**DATA RECORDS**.
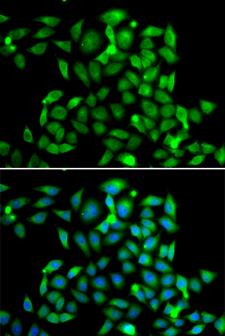 CLASP1 Antibody - Immunofluorescence analysis of A549 cells.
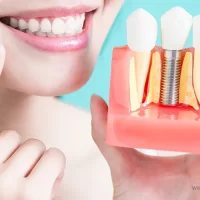 o que são implantes dentários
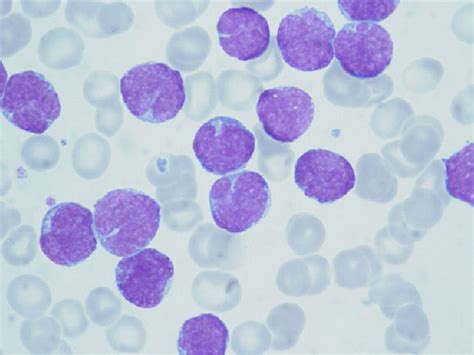Peripheral Blood Smear A Population Of Mantle Cells With Cleaved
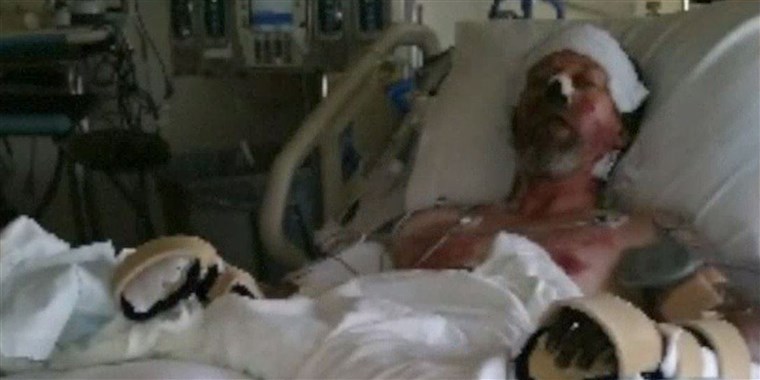 웨스트 Bend lost both hands and both lower legs to amputation to save his life.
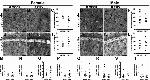 IBA1 Antibody in Immunohistochemistry (IHC)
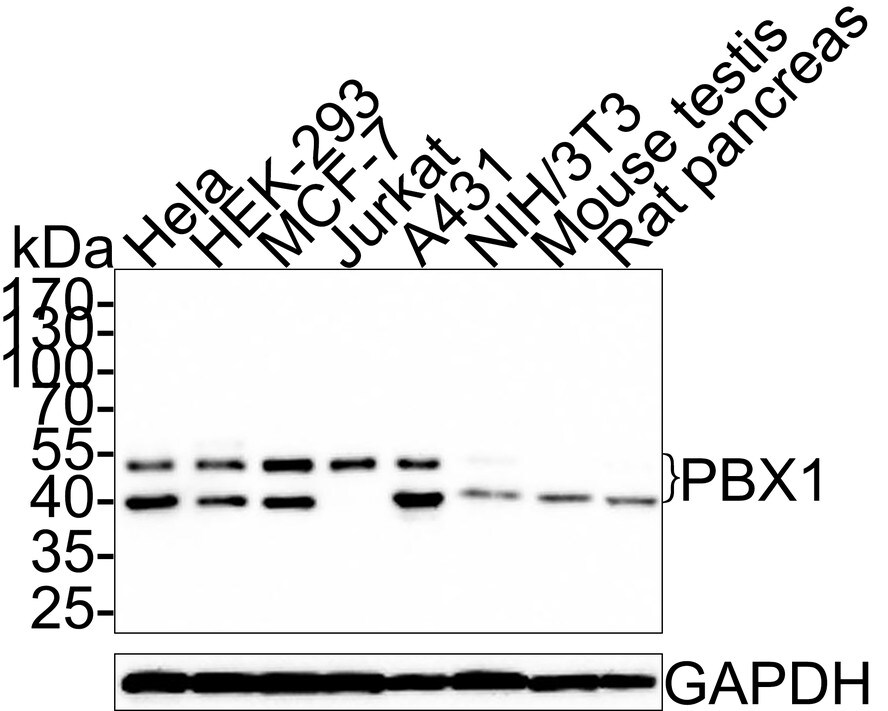 PBX1 Antibody (PSH0-24) Western Blot: PBX1 Antibody (PSH0-24) [NBP3-32720]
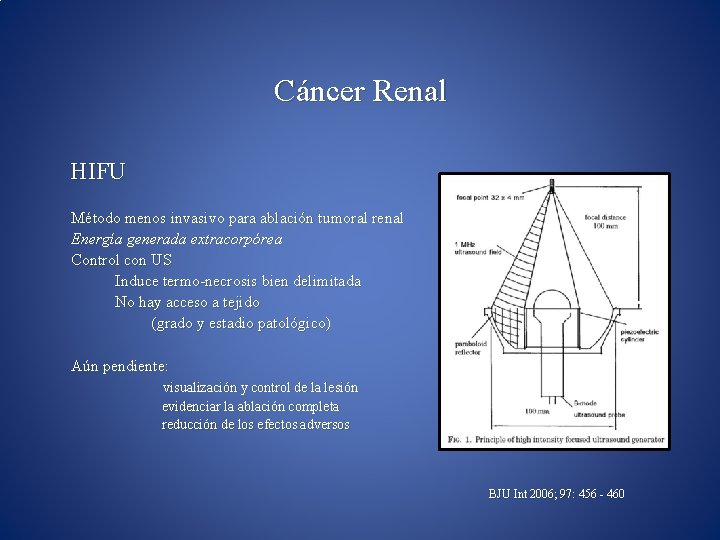 Cáncer Renal HIFU Método menos invasivo para ablación tumoral renal Energía generada extracorpórea Control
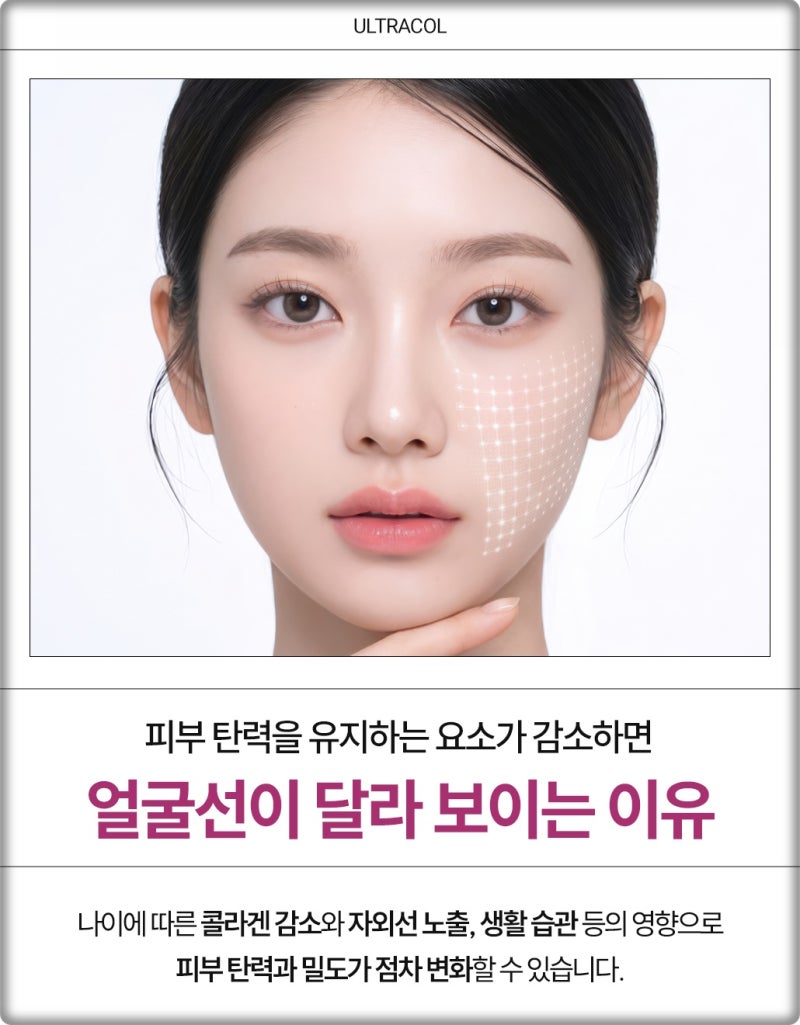 연산동울트라콜 자연스러운 볼륨과 피부 탄력을 함께 고려한다면 사진 3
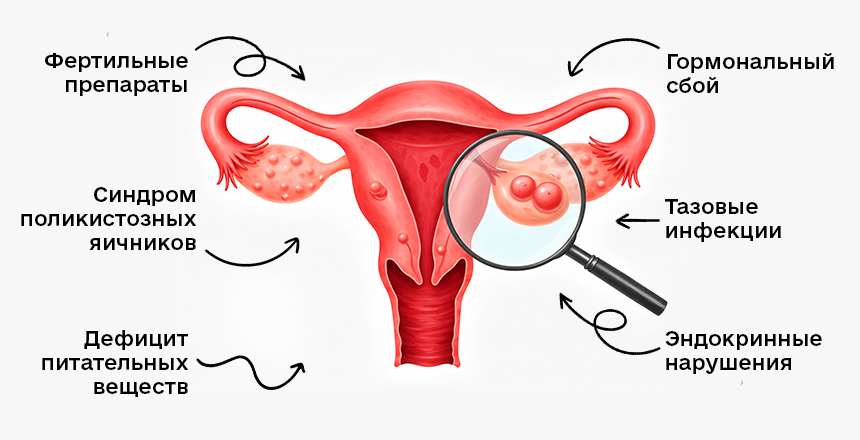 причины возникновения кисты яичника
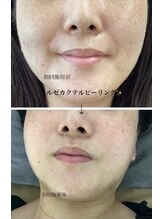 メディカルサロンドオフ 堺東店(medical salon de off)/LEZE(ルゼ)カクテルピーリング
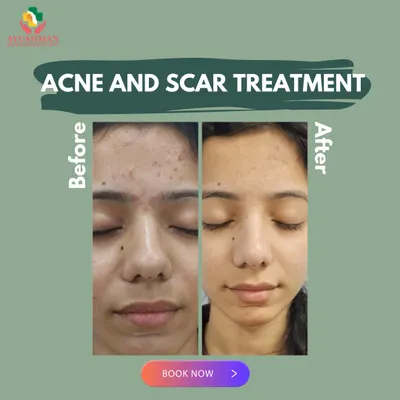 This powerful before-and-after transformation shows the results of our personalized acne and scar treatment. We effectively reduced inflammation, cleared breakouts, and significantly faded post-acne marks, revealing smoother, clearer skin.
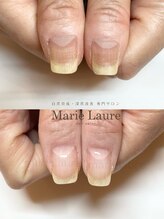 マリーロール 淀屋橋本店(Marie Laure)/自爪育成/深爪矯正/ネイルケア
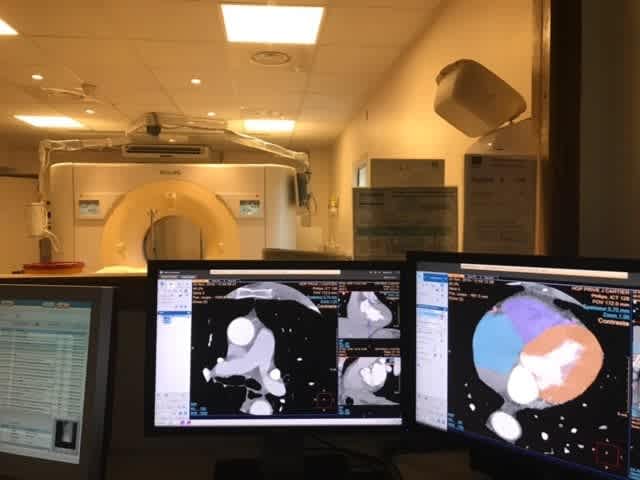 IRM Cardiaque et Scanner Coronaire - ICPS 
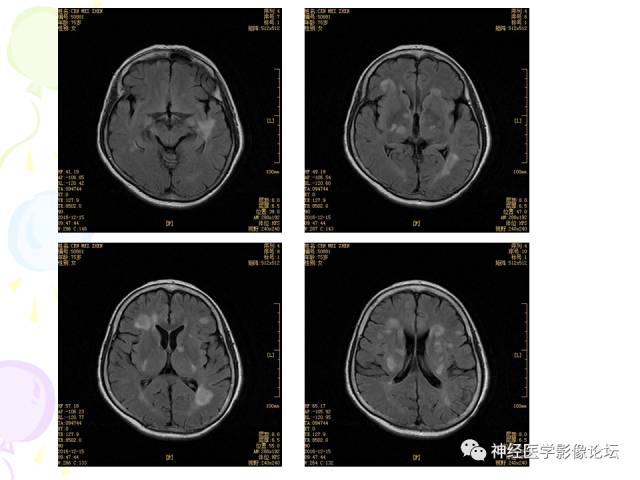 【病例】易误诊为多发性硬化的脑囊虫病1例CT及MR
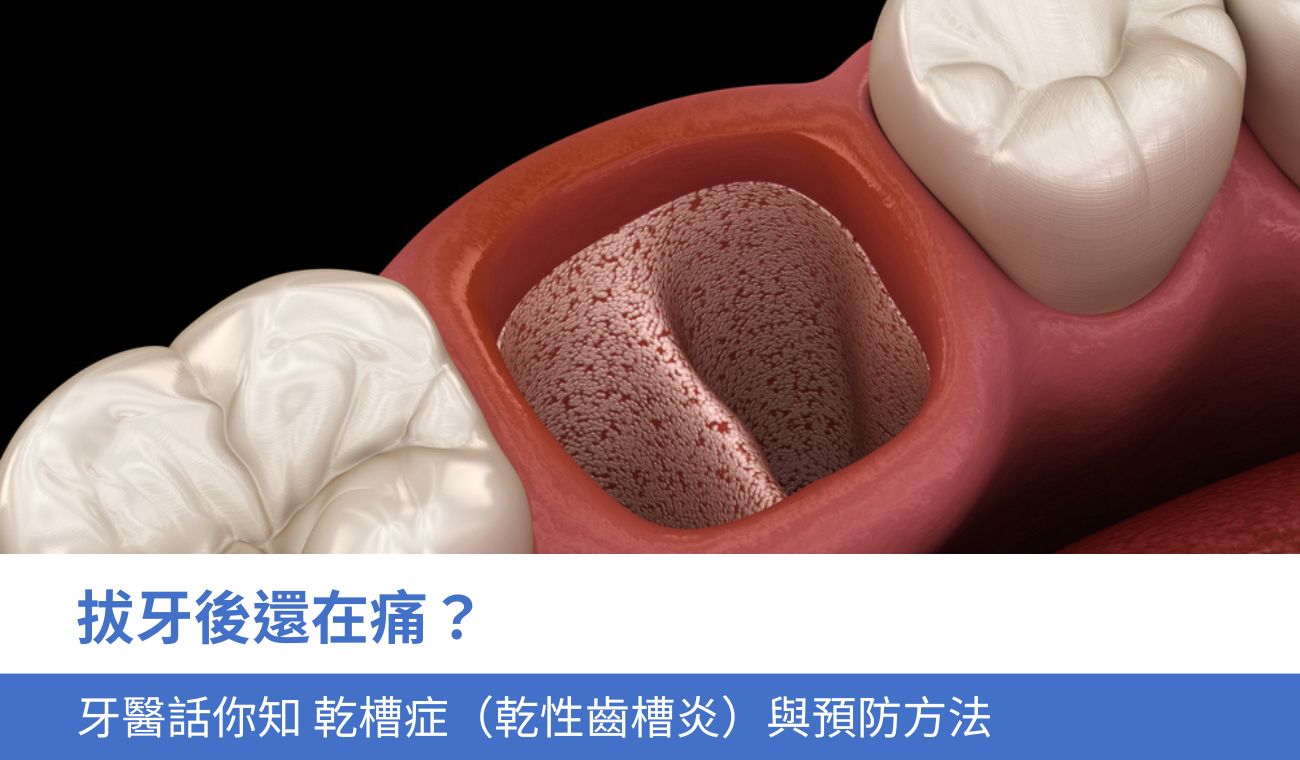 乾槽症（乾性齒槽炎）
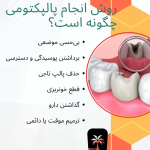 تفاوت پالپکتومی و عصب کشی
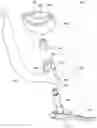 Fig. 01 - Targeting device for bone implant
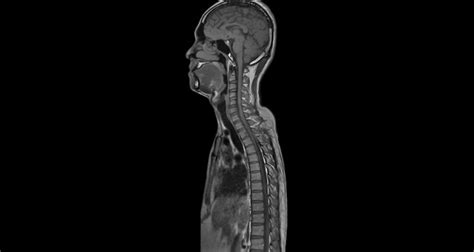 Spinal Cord Lesions & The Risk of Relapse - MStranslate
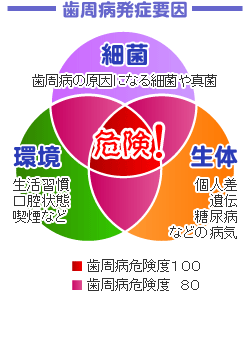 歯周病発症の原因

**DESCRIPTION OF THE TASK**. Beginning with the line where "Spinal Cord Lesions" appears, restate word for word every line down to the last one in the data, but keep the pictures out.

**RESPONSE FOR THIS EXERCISE**.
 Spinal Cord Lesions & The Risk of Relapse - MStranslate
 歯周病発症の原因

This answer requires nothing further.